Hera menghela napas panjang dan beralih ke arahnya. “Lo jangan gila, Mar!”
“Gila? Lo bilang gue gila?” Damar menggeleng-geleng tidak percaya, Hera bukannya mendukung justru tak setuju dengan rencana balas dendamnya. “Gue nggak ngerti jalan pikiran lo, Her! Ini masalah nyawa teman kita dan lo malah diam saja? Mana jiwa persahabatan kita? Lo bilang kita satu, kalau ada yang luka, luka semua. Ini saatnya kita buktikan janji itu. Kita serang mereka.”

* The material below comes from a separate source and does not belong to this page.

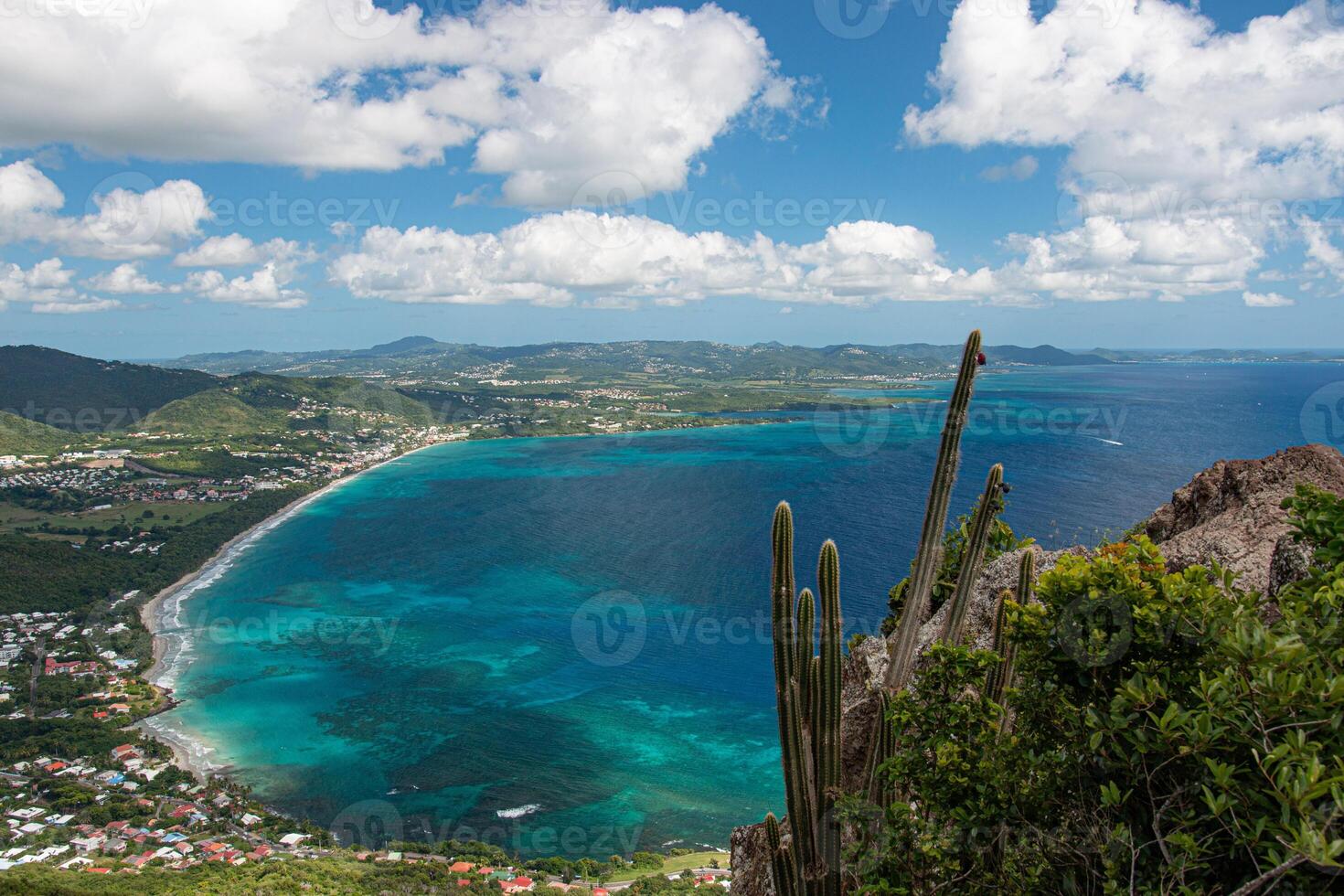 Panoramic view of the Diamant beach, coral reefs and city, Martinique, French West Indies photo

“DAMAR! LO BISA DIAM NGGAK?” bentak Hera membuat Damar terdiam seketika. “Lo pikir gue nggak khawatir sama Deo? Bukan hanya lo, gue juga peduli ke dia. Tapi semua itu perlu dipertimbangkan matang-matang. Jangan asal main serang.”
“Apa lagi yang perlu dipertimbangkan? Semuanya sudah jelas,” kata Damar dengan nada tak kalah tinggi.
Karena tahu apa yang mereka lakukan bisa mengganggu pasien lainnya, Leo pun akhirnya bertindak.
“Kalian sadar nggak ini di mana? Ini rumah sakit, banyak orang dirawat, sekarat dan dalam kondisi darurat. Apa yang kalian lakukan ini bisa mengganggu kenyamanan mereka, termasuk juga Deo. Jadi tolong tenang sedikit.”
“Tapi....”
“Mar, kalau lo masih mau marah-marah jangan di sini. Ikut gue. Kita cari tempat lain.” Leo menarik kawannya yang tentu saja memberontak, tetapi tak bisa menolak, sebelum sekuriti datang dan membuat ketiganya terdepak.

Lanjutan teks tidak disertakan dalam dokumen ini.